Remarkable and renowned Amy Beach scholar and biographer Adrienne Fried Block (1921-2009) was born on March 11, 1921, in New York City. She grew up in Manhattan and attended the New York City public schools. In the 1930s, she began work on a BA at Hunter College, but left school to pursue a career as a musician. While raising two young daughters, she completed her degree in 1958 with a major in music. She earned an MA in Musicology from Hunter College 1967 and a Ph.D. from the CUNY Graduate Center in 1979. In addition to her groundbreaking scholarly work in musicology, she taught/conducted at several schools including the Dalcroze School of Music, Hunter College, and the CUNY Graduate Center, where she was an Adjunct Professor of Music and Co-Director of the research project “Music in Gotham: The New York Scene 1862-1875″ at the Graduate Center/CUNY, a documented history of music in performance. She taught, lectured and published articles on women in American music, including two prize-winning books, Women In American Music: A Bibliography of Music and Literature (with Carol Neuls-Bates) (1979) and Amy Beach, Passionate Victorian: The Life and Works of an American Composer (1998). She was awarded the Society of American Music Lifetime Achievement Award. She died on April 5, 2009, and here is her obituary. The Adrienne Fried Block Fellowship was also endowed in honor of her by the Society of American Music.
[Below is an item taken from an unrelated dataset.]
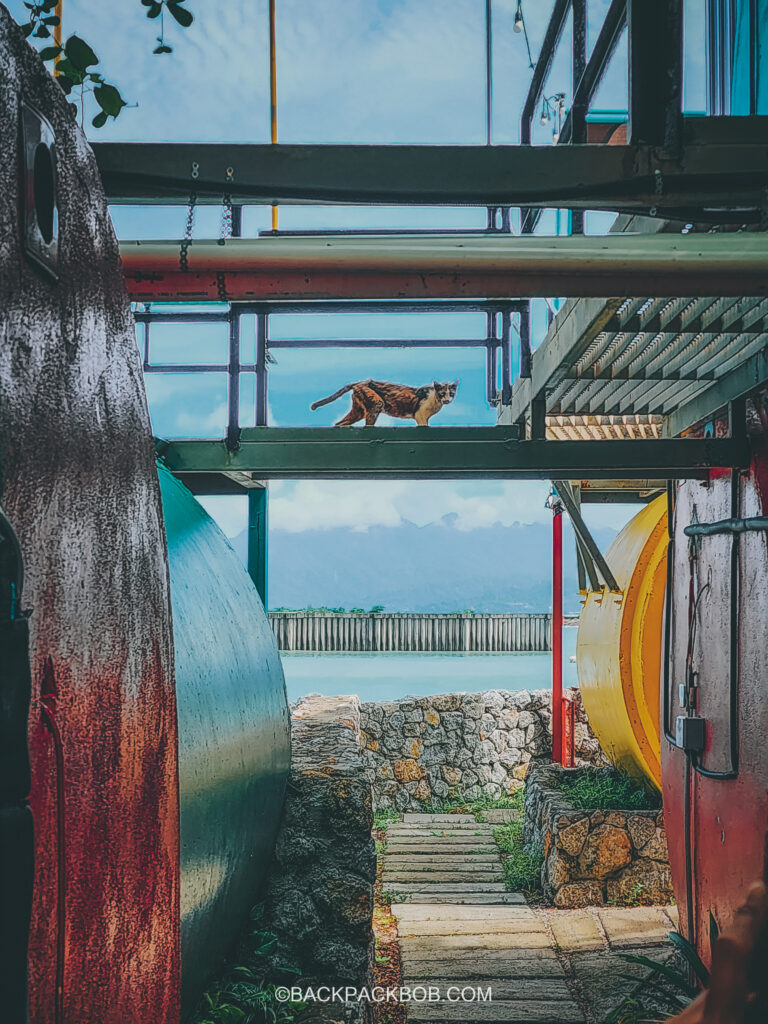 Langkawi Hotel Ocean View with Street Cat Walking past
Although there have been other scholars who have written books, dissertations, theses, articles, prefaces, etc. about Amy Beach’s life and music, there is no one who made contributions of greater number or quality than Dr. Block. She is also responsible, along with musicologist, E. Douglas Bomberger, for the Amy Beach Grove article, available in Oxford Music Online. However, her greatest contribution about Amy Beach is her biographical book entitled, “Amy Beach: Passionate Victorian,” which is published by Oxford University Press. During her research into Beach’s life and music, she compiled numerous clippings as well as photocopies of Beach’s music. She donated these materials to the collection dedicated to her at the University of New Hampshire Milne Special Collections – Adrienne Fried Block Papers, 1872-1960, MC 227, Milne Special Collections and Archives, University of New Hampshire Library, Durham, NH, USA.
Tributes
From Dr. Liane Curtis –
I was so privileged to know Adrienne Fried Block and to benefit from both her wisdom and also from her genuine kindness.
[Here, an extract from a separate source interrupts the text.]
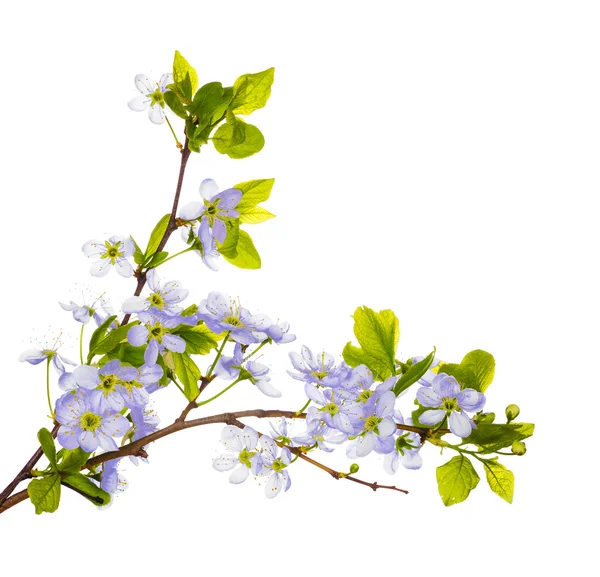 Spring cherry branch — Stock Photo, Image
Like her, I had completed my dissertation on a Renaissance topic, before I got the idea to research a woman composer. In my case, it was Rebecca Clarke (1887-1979) whose life had some interesting similarities (and extreme contrasts) with Amy Beach, and who must have known each other. I needed a lot of advice in embarking on such a different subject, and Adrienne guided me on many important matters. Although Clarke was British, she wound up living in New York City the last 35 years of her long life, and her estate is held by distant relatives in Brooklyn. Adrienne, as a real New Yorker, helped me connect and negotiate with them. She helped me with resources from census documents to Probate Records. But even more importantly, she was adamant in the importance of studying Clarke. That we could “change the subject” of musicology – to make women a suitable topic for study — was a big undertaking and it was wonderful both to be mentored by her and also to come to feel a colleague with her in that enormous and significant topic.
Now as I have helped organize the Beach-Carreño conference, help maintain the Amy Beach website (www.amybeach.org), serve as President of the organization (Women’s Philharmonic Advocacy) that has produced a new edition of the “Gaelic” Symphony, and ponder Beach research of my own, I really see Adrienne as central to launching me as a professional, researcher, and activist in the world of classical music.
I draw strength and inspiration from remembering her frequently, and her beautiful book is at hand (both my battered hardback copy, as well as an eBook version) almost daily.